What is reasonable depends on a number of factors including the size and resources of the business, the type of service, the practicability of the adjustment and the extent of any disruption caused. But the adjustment need not remove the substantial disadvantage that the disabled individual faces, only alleviate it. Asking for a change to a booking system to allow a child with a disability to attend a morning appointment does not seem unreasonable and perhaps if this were the reason for my request it may well have been granted.

But what if the duty to make reasonable adjustments were to put other non-disabled individuals at an inconvenience? In light of the decision of the Supreme Court in the case of Paulley v First Group Plc, there will be occasions where the duty will put other non-disabled individuals at an inconvenience. The potential detrimental impact felt by non-disabled individuals should not be the determining factor for traders or service providers. The inconvenience caused to non-disabled individuals having to wait longer for their preferred appointment times is of little or no significance. However, would that extend to their booked appointments being arranged to avoid disabled individuals having to wait potentially longer periods of time?

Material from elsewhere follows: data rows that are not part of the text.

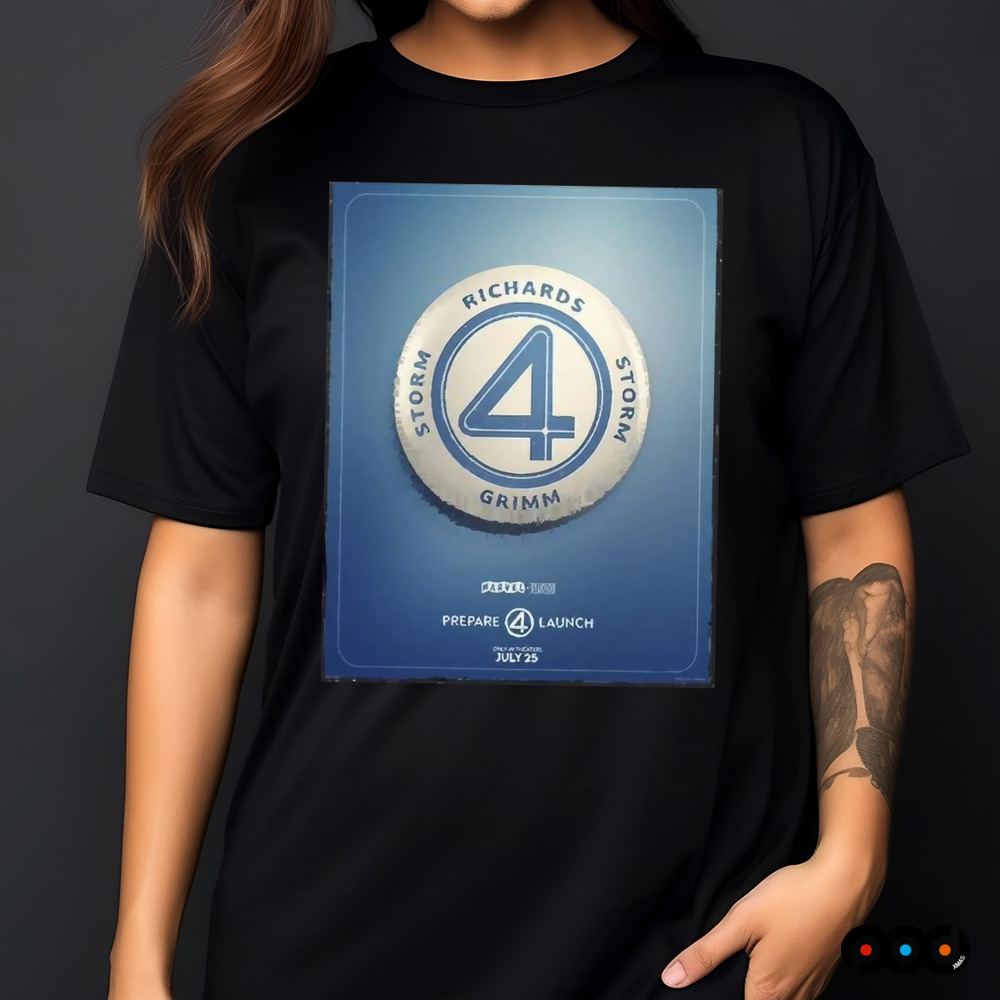 Marvel The Fantastic 4 Prepare 4 Launch Team Badge Poster 2025 Shirt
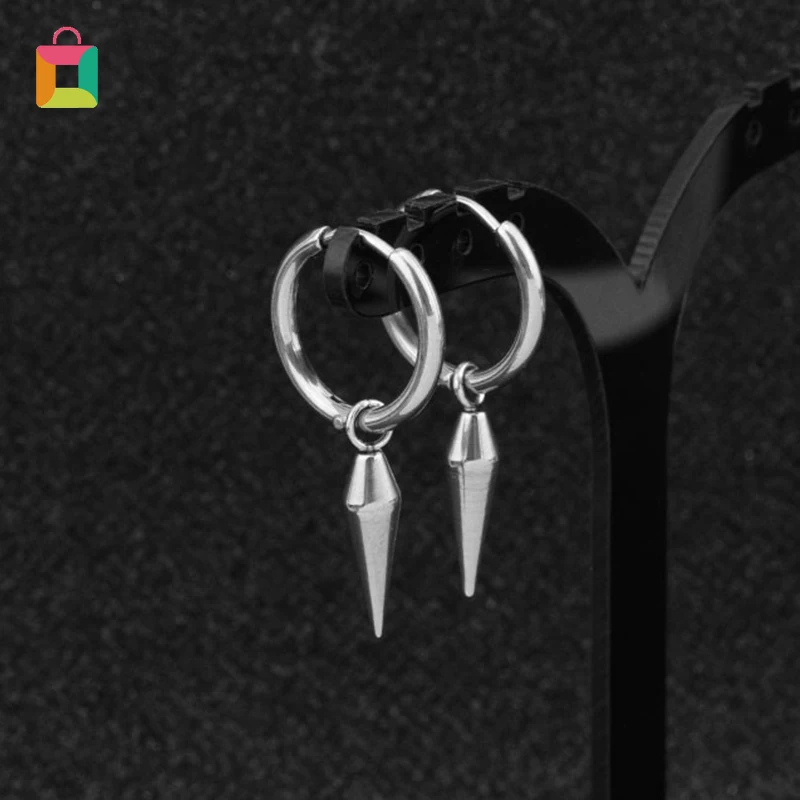 Маленькие круглые серьги в стиле панк для мужчин и женщин конические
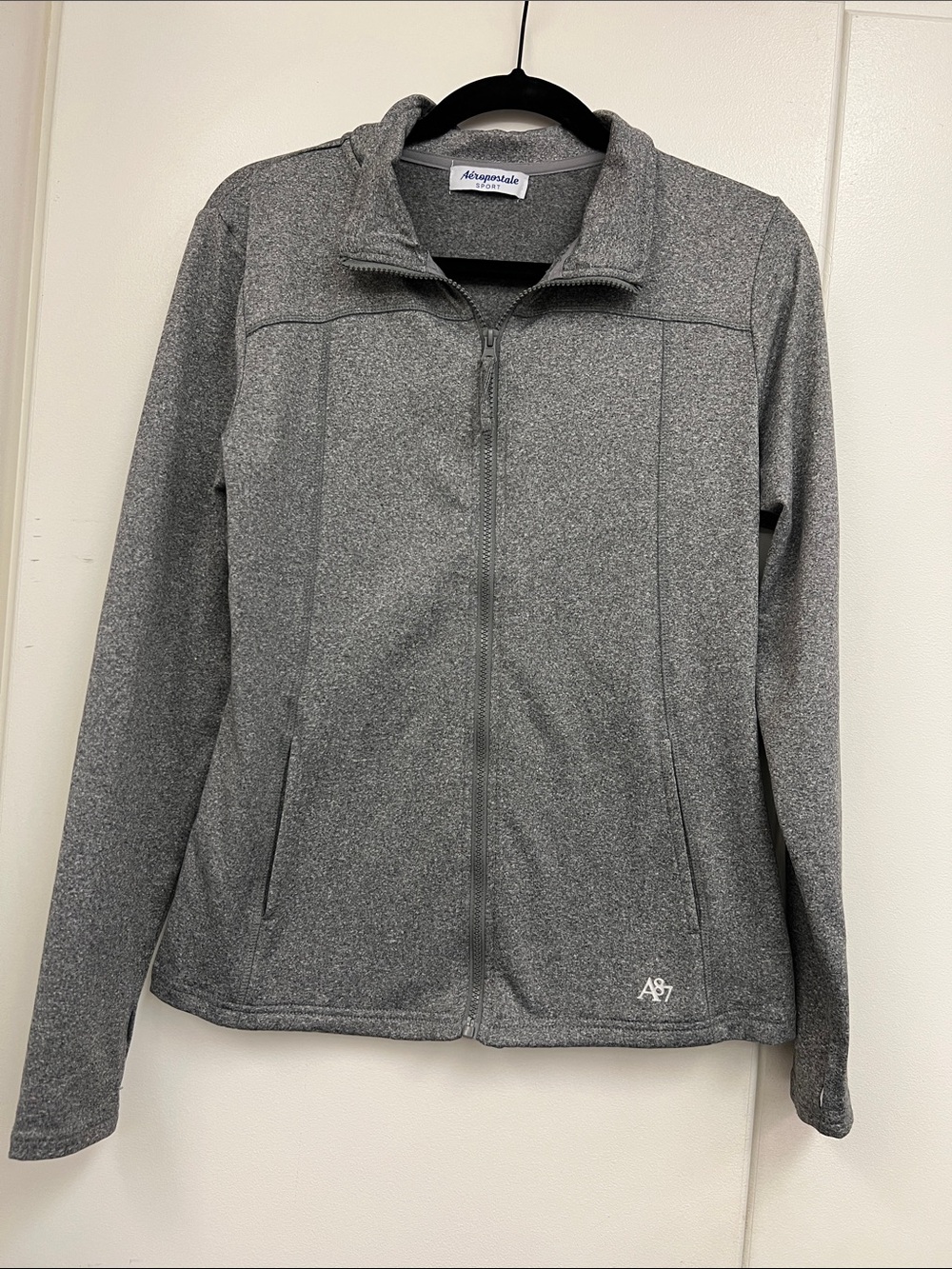 Aeropostale Sport Dri Fit Gray Heathered Full-Zip Jacket with Pockets Activewear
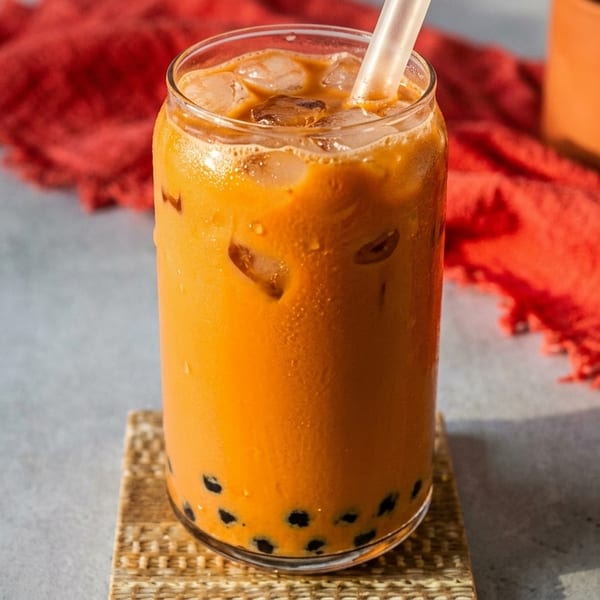 Iced Thai tea with boba pearls and a straw, on a woven coaster with a red cloth.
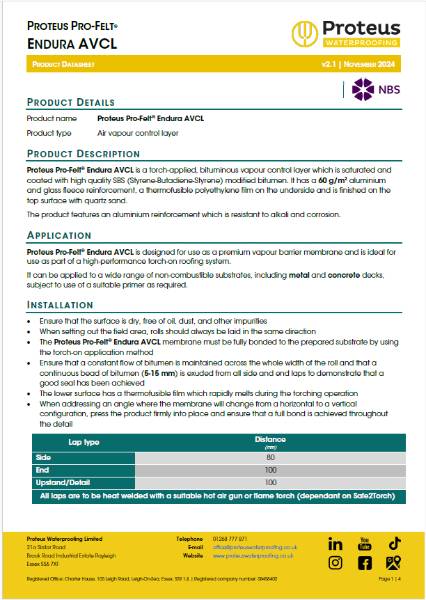 Product Data Sheet - Proteus Pro-Felt® Endura AVCL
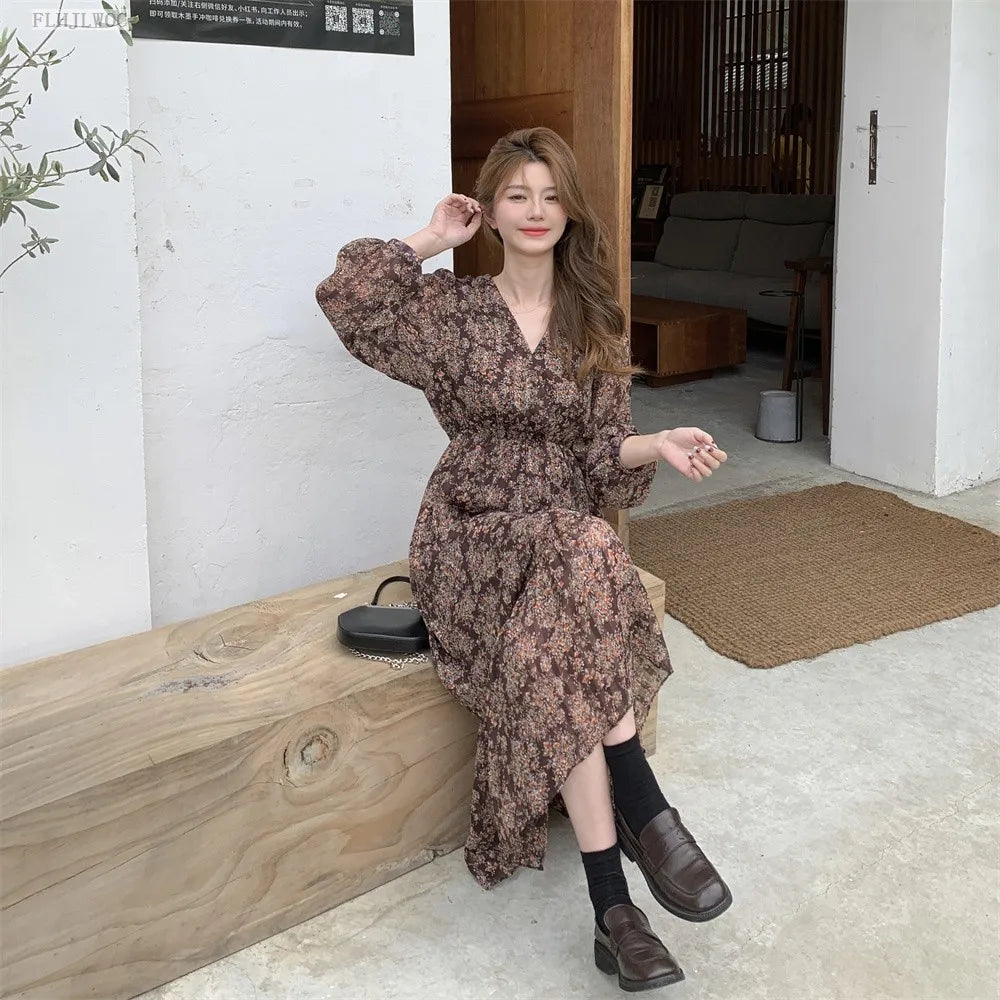 Chic Korean Clothes Design 2022 Autumn Spring Womens V Neck Elegant Lady Floral Printed Retro Vintage Long Maxi Dress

The duty is an anticipatory one; the obligation is to make reasonable adjustments by considering people generally who have that particular kind of disability. It would be impossible to anticipate the needs of every individual who walks into an opticians, of course, but some thought as to the barriers that may be faced by individuals with different kinds of disability and taking steps to avoid them are required. This could be something as simple as allowing children to book morning appointments.